» **Instructions to follow**
With the pictures left out, output the records below exactly.

» **Dataset entries**
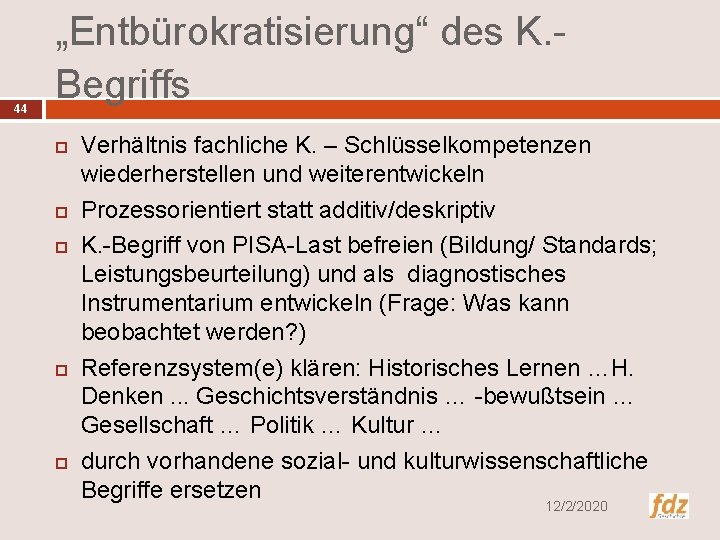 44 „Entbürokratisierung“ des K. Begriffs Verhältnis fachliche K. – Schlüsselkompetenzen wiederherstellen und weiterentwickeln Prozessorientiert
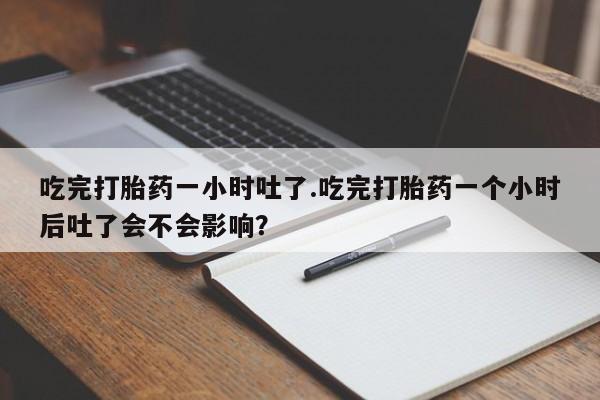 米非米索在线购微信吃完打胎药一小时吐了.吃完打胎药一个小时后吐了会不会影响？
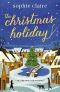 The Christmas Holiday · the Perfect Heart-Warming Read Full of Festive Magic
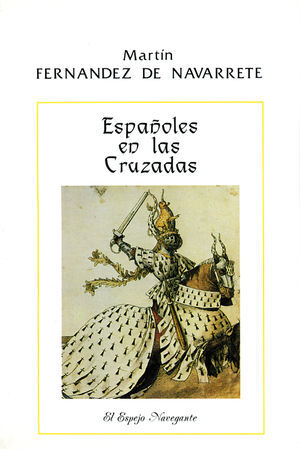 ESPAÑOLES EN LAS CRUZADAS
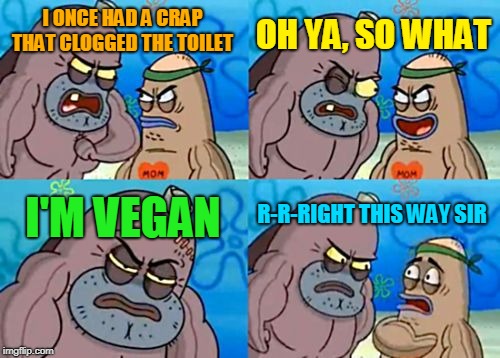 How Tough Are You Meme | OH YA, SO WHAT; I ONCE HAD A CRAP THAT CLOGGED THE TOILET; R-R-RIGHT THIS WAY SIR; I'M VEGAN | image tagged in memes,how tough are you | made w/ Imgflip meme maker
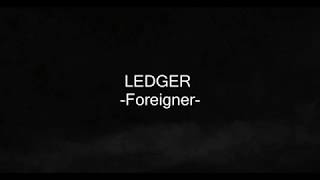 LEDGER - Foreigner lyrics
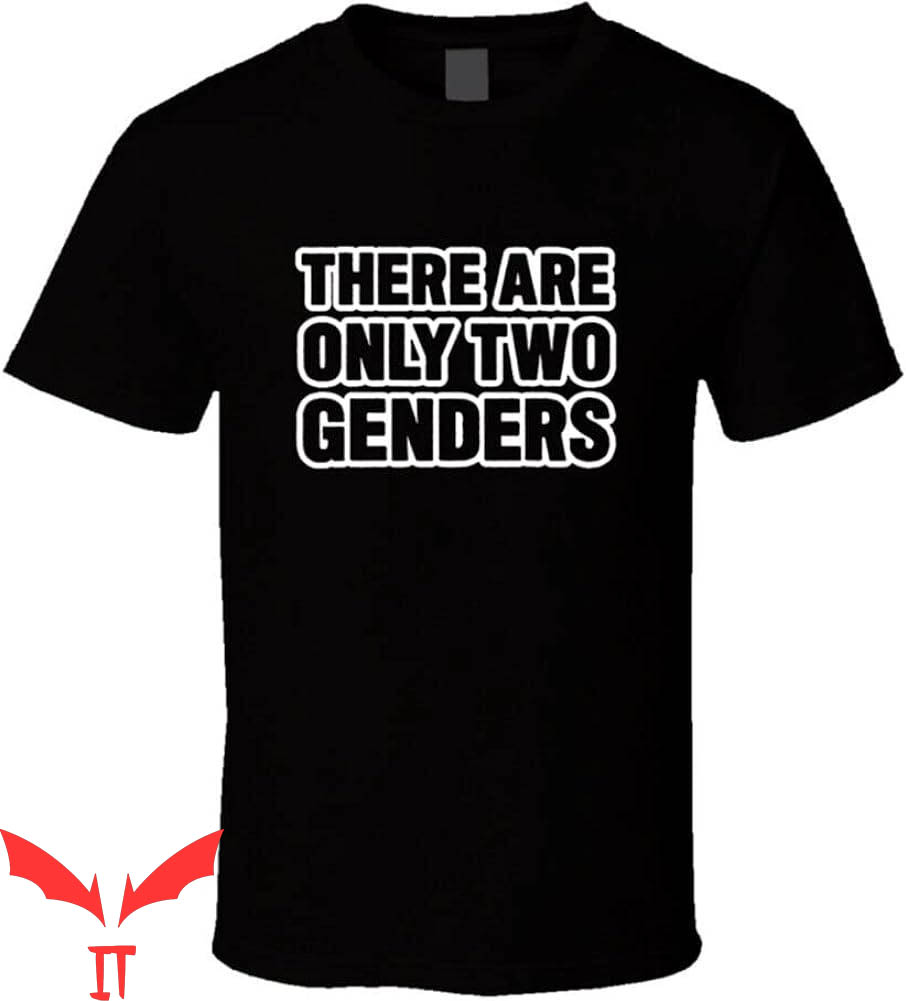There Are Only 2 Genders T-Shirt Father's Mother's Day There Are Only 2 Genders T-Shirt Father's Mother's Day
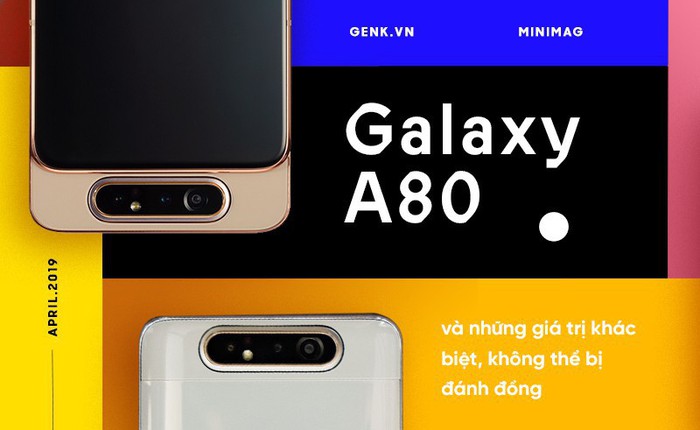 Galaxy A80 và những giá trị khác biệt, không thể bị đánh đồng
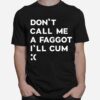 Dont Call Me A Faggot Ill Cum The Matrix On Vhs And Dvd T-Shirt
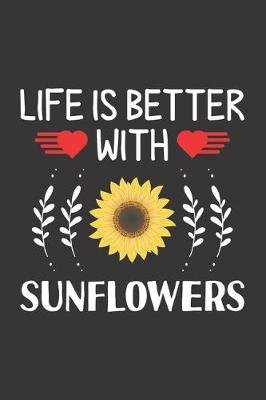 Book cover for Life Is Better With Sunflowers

» **Solution to the exercise**
 44 „Entbürokratisierung“ des K. Begriffs Verhältnis fachliche K. – Schlüsselkompetenzen wiederherstellen und weiterentwickeln Prozessorientiert
 米非米索在线购微信吃完打胎药一小时吐了.吃完打胎药一个小时后吐了会不会影响？
 The Christmas Holiday · the Perfect Heart-Warming Read Full of Festive Magic
 ESPAÑOLES EN LAS CRUZADAS
 How Tough Are You Meme | OH YA, SO WHAT; I ONCE HAD A CRAP THAT CLOGGED THE TOILET; R-R-RIGHT THIS WAY SIR; I'M VEGAN | image tagged in memes,how tough are you | made w/ Imgflip meme maker
 LEDGER - Foreigner lyrics
There Are Only 2 Genders T-Shirt Father's Mother's Day There Are Only 2 Genders T-Shirt Father's Mother's Day
 Galaxy A80 và những giá trị khác biệt, không thể bị đánh đồng
 Dont Call Me A Faggot Ill Cum The Matrix On Vhs And Dvd T-Shirt
 Book cover for Life Is Better With Sunflowers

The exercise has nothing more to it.